Çilekli dondurmayı kız anneleri aşerer, yok oğlansa vişne-limon isterler. Bu
tecrübeyle sabittir hanımefendi. İstersen iddiaya girerim.” Sinem’in canı
sıkılmıştı, boğazı düğümlenmiş, ha ağladı ha ağlayacak. Bu adam anladıysa,
annesi de hayda hayda anlardı; kaçın kurasıydı annesi: O karnına bakardı hamile
kadının, karın sivriyse erkek olacak, yok eğer yuvarlaksa kız olacak derdi, bu
güne kadar da hiç yanılmamıştı. “Yok, iddiaya girmeyelim.” dedi. Borcunu sordu?
Adam “Aşeren kadınlardan para almıyoruz.” dedi, işinin başına döndü. Sinem
şaşkınlık içerisinde dükkânın önünde kalakaldı. Kendini çabuk toparlayıp,
kâğıthelvasının arasındaki çilekli dondurmasını yiyerek yoluna devam etti. Bir
an önce Ali babanın Hisarda ki kahvesine ulaşmak istiyordu.
Son zamanlarda huzur bulduğu tek
yer orasıydı. Orayı Altan’a da sevdirmişti.
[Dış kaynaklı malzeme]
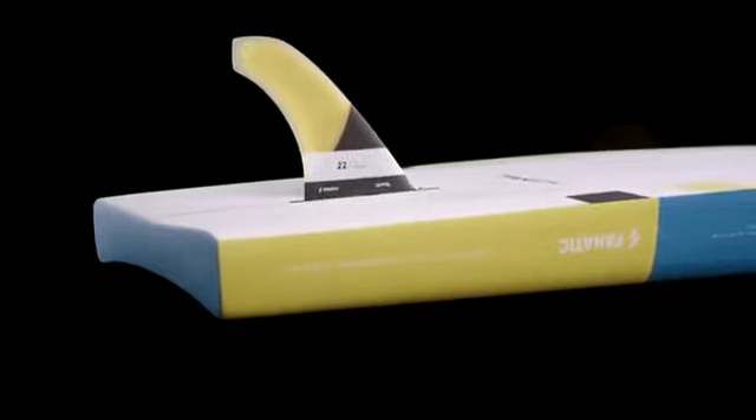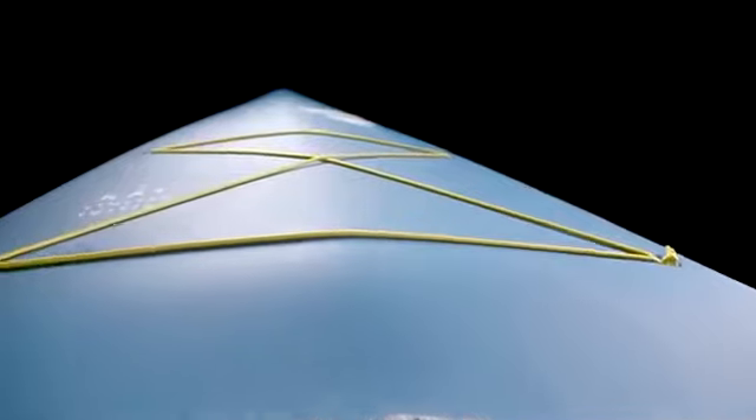Both models come with a specially designed RTM race fin, a grippy diamond grooving deck pad, a comfortable carrying handle and a deck net to secure luggage.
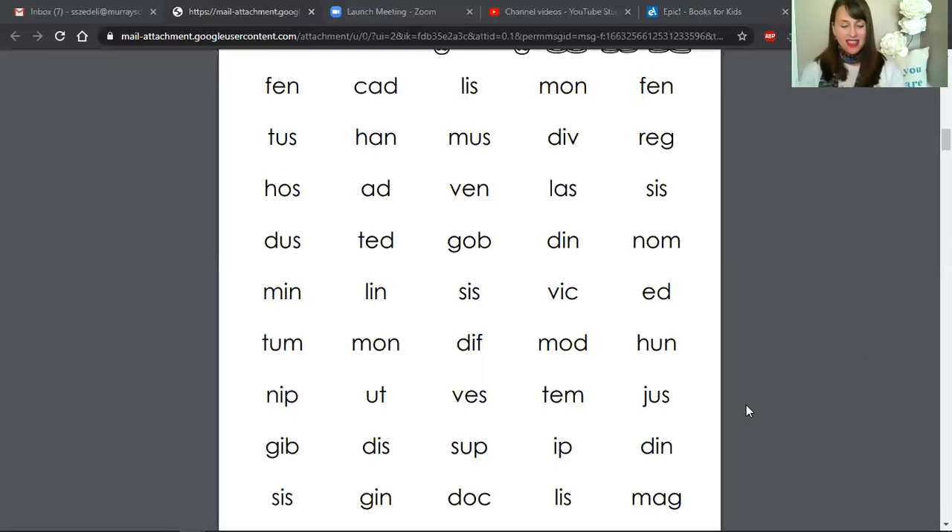And stop right there. Now pause the video, go back, count the number of nonsense words you were able to read in one minute, and then keep track of your score to make sure that each time you're getting a little better at reading those nonsense words.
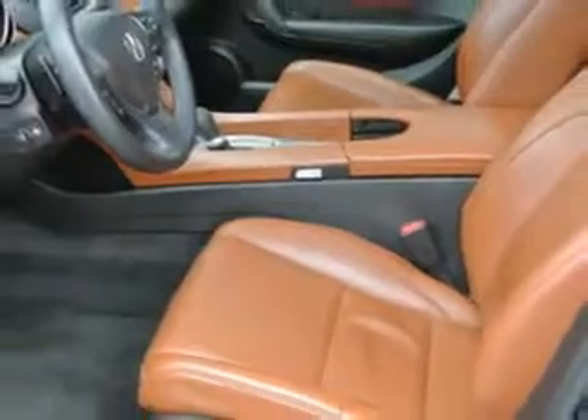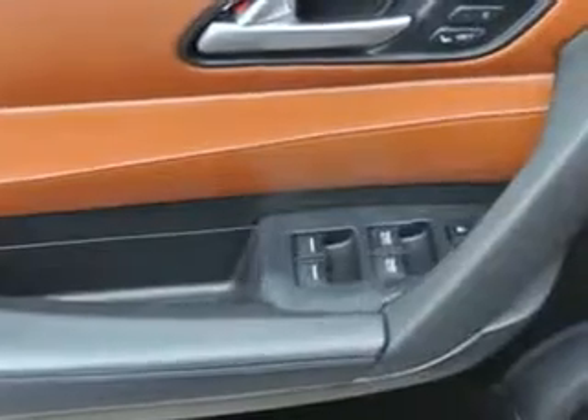Tilt-slide rear seats, rear heat vents, and much more. Enjoy the drive and have peace of mind in this 2012 Acura ZDX. See us at Woodfield Acura today.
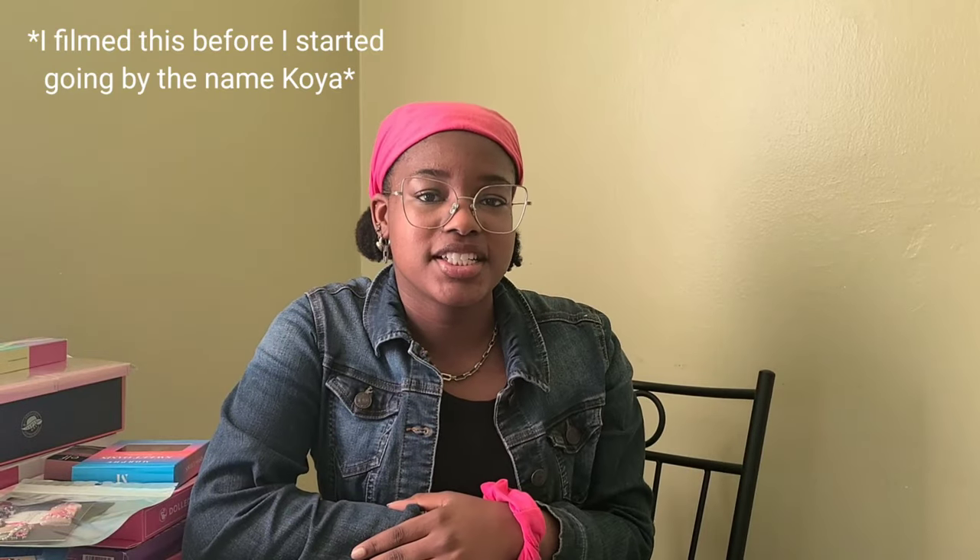Hey guys, welcome to my channel. I am Cam and I like to make fashion style content and vlogs. And today, as you can tell by this title, I'm doing a huge collective haul. I'm so excited for this video. You guys do not understand how excited I am because I have so much stuff that I can't wait to show you guys, plus updates on my life and everything.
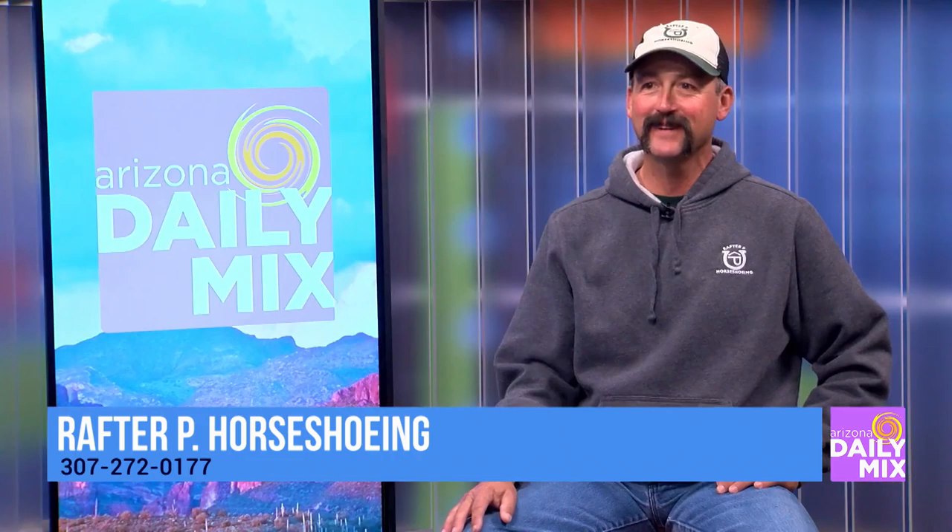Where can people find out more about Raptor P Horseshoeing? No website yet, but we'll have contact info available. My wife's gonna put together a website this winter. Jared also mentioned I can come up to Wyoming and visit — camping and all. Thanks for coming by. Thank you for having me.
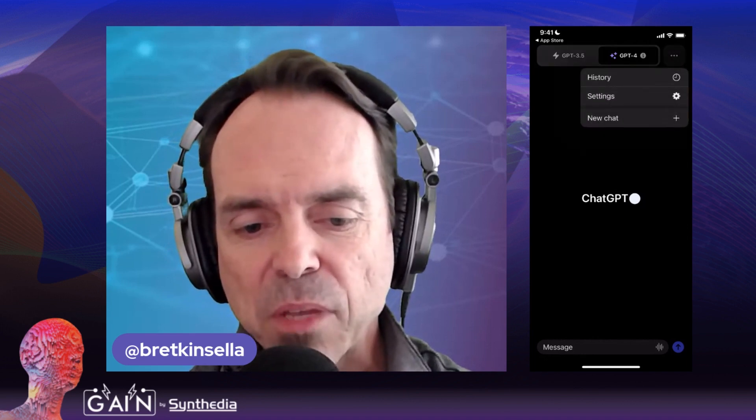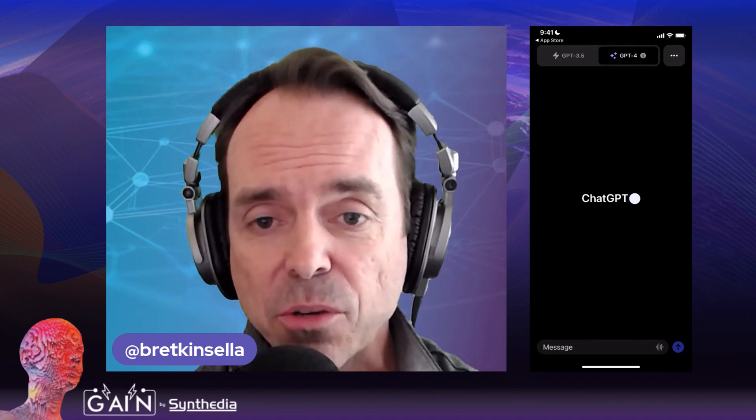You also have settings up there and you can create a new chat. One of the features which is different for the mobile app is you can use voice input — they're using OpenAI's Whisper speech recognition model. The app only supports English today, but that's going to change very quickly because the Whisper model actually supports 99 languages right now. So from an input standpoint, that's going to be really cool.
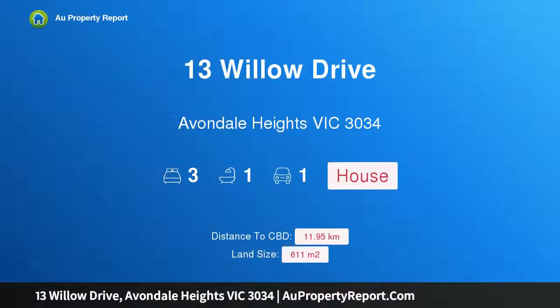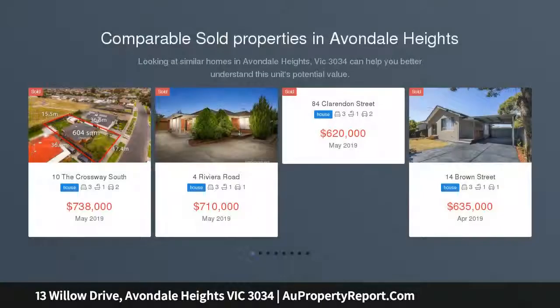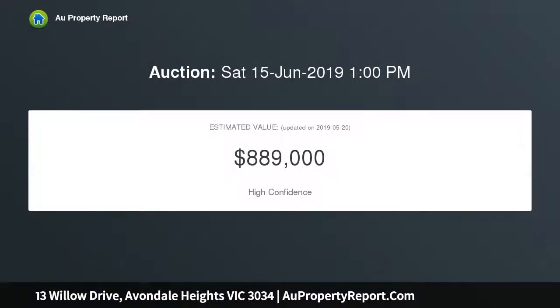Introducing 13 Willow Drive, Avondale Heights, Victoria 3034. Located on an allotment of approximately 612 square meters, this family home sits in a quiet pocket, only moments from schools, shops, and transport. This deceptively spacious three-bedroom residence has been in the family for over 50 years.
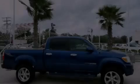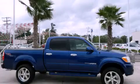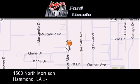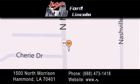Stop by today and test drive this vehicle for yourself. Bill Hood Ford Lincoln is located at 1500 North Morrison in Hammond. Our goal is to exceed all of your expectations to ensure that you'll return for future visits.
En son geldiğinde test çubuğunu
kahvenin tuvaletinde uygulamış, test pozitif çıkmış, hamile olduğu müjdesini
Altan’ı arayarak oradan vermişti. Altan telefonda bir an duraklamış “Bakarız.”
diyebilmiş, o söz aralarındaki son söz olmuştu. Dört gündür de Altan’dan bir
haber alamamıştı. Biliyordu ki ajansta işleri yoğundu, üç kampanyayı aynı anda
yürütüyordu, birçok akşam müşterileriyle ya toplantı yapıyor, ya da yemeğe
çıkıyordu. Ama bunlar Sinem’i ihmal edeceği anlamına gelemezdi, o uzun zamandır
beraber olduğu adamdı ve birbirlerini deliler gibi seviyorlardı.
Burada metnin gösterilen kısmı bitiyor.